Just say it
by beauxfleur
Summary: April and Jackson finally express what they feel. Set during the cliffhanger of 12x08.


April waits. Breathlessly, as she tries to figure out why the man in front of her is so complex. Why he doesn't want to talk about their marriage, but insists on bringing up sex between them.

She wants to remember them. The way they started. In a bed, in love, happy, breathless, and in each others arm. She wants the memory imprinted, so she could replay it when she wished.

And not be unhinged by sparring words or screams of anger. She wants, a solid memory. Because she knows what was going to happen.

She doesn't want to let it happen. Especially since their encounter has left her puking everything she eats. She has the reports in her bag. It wasn't what she ate.

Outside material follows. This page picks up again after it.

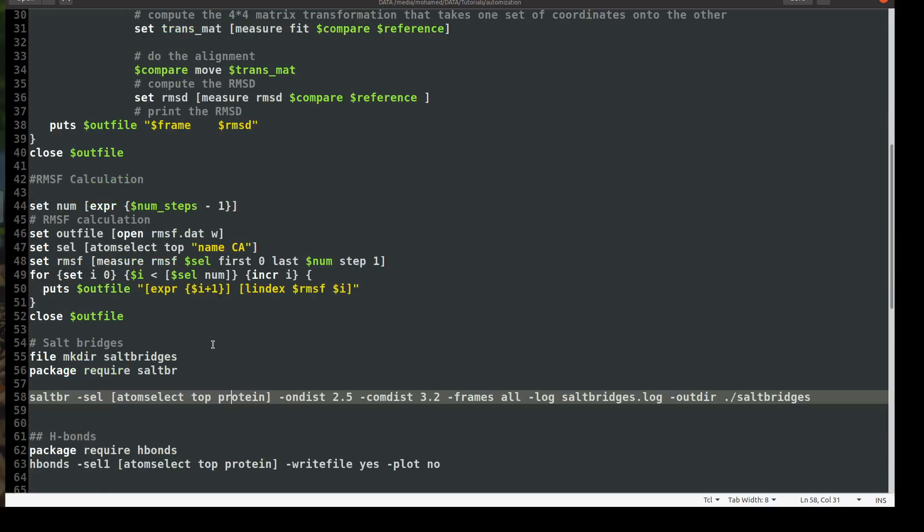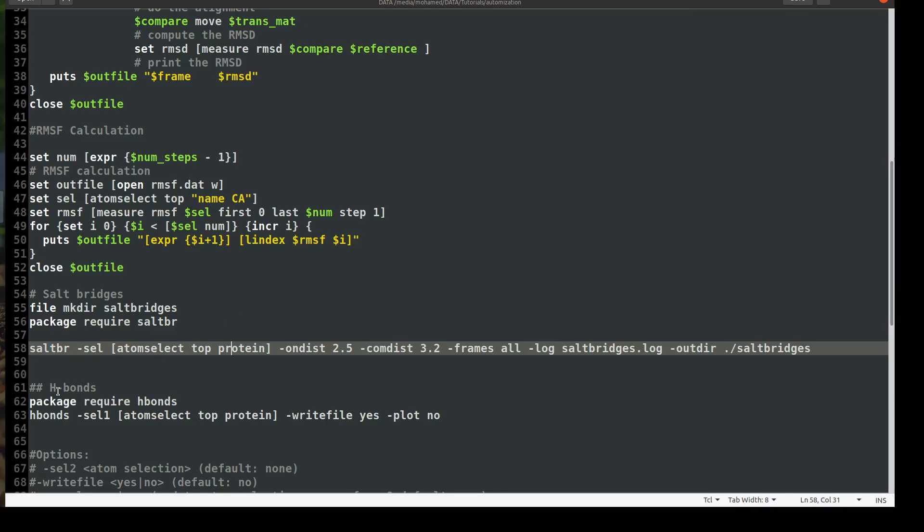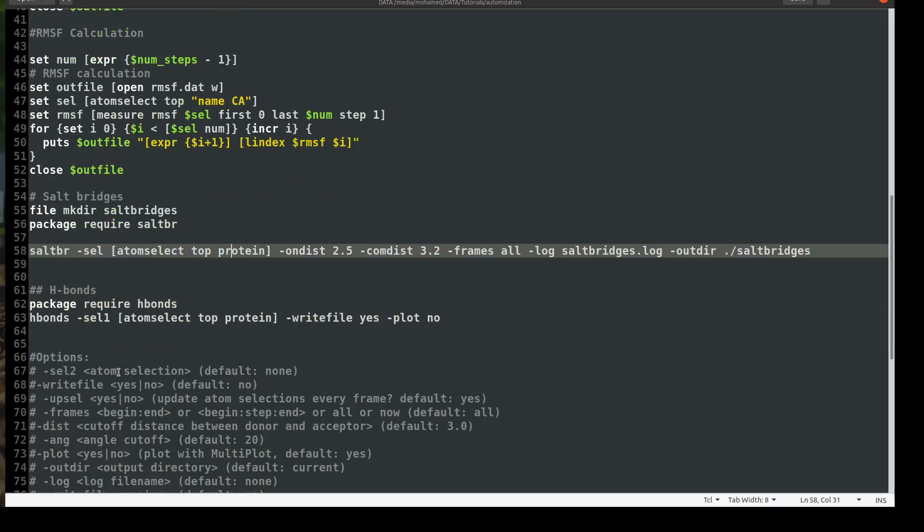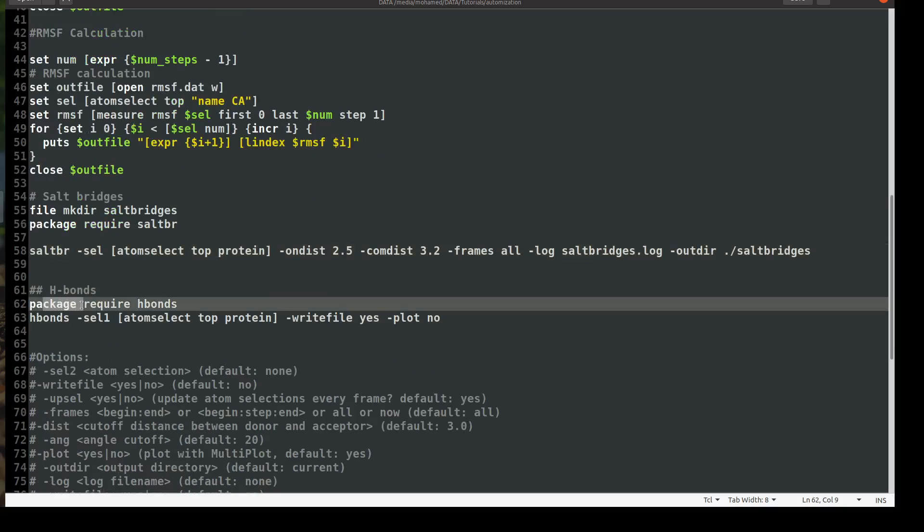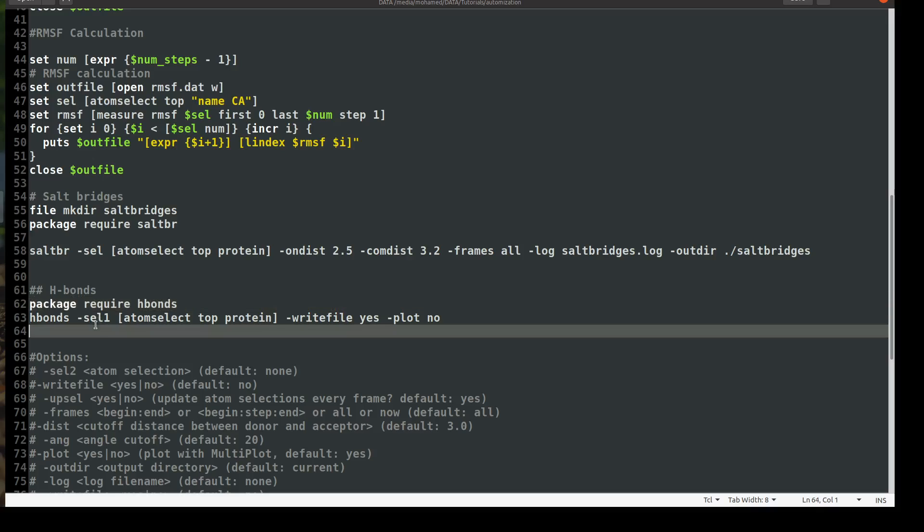Today we will add two more important analyses to our script. The first one is the hydrogen bond and it's straightforward and very easy. You don't need to do anything rather than writing two commands. The first one is you say package require hydrogen bonds to get the package that will calculate the hydrogen bonds in your trajectory, and then you say hydrogen bond sel one, it is atom select top protein, and then write file.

Nothing from Joe's. Her current state has everything to do with Jackson.

She presses her long fingers against her stomach, smoothing her palm over it, while Jackson tries to find his words.

"I-" He cracks out.

"For God's sake, Jackson. God! Just say it!" April screams at him, her face going red.

He keeps looking at her, lips pursed, and usually sharp eyes, blurry and unfocused.

She licks her lips, and inhales.

"You know, why i make decisions for us? Because YOU can't, Jackson. You cannot even begin to fathom how hard it is for me to make these decisions. But i do it- I do it, because you can't. I do it, because if i don't you'll end up resenting me, and i'll end up resenting you, because we both didn't do and achieve the things we wanted to."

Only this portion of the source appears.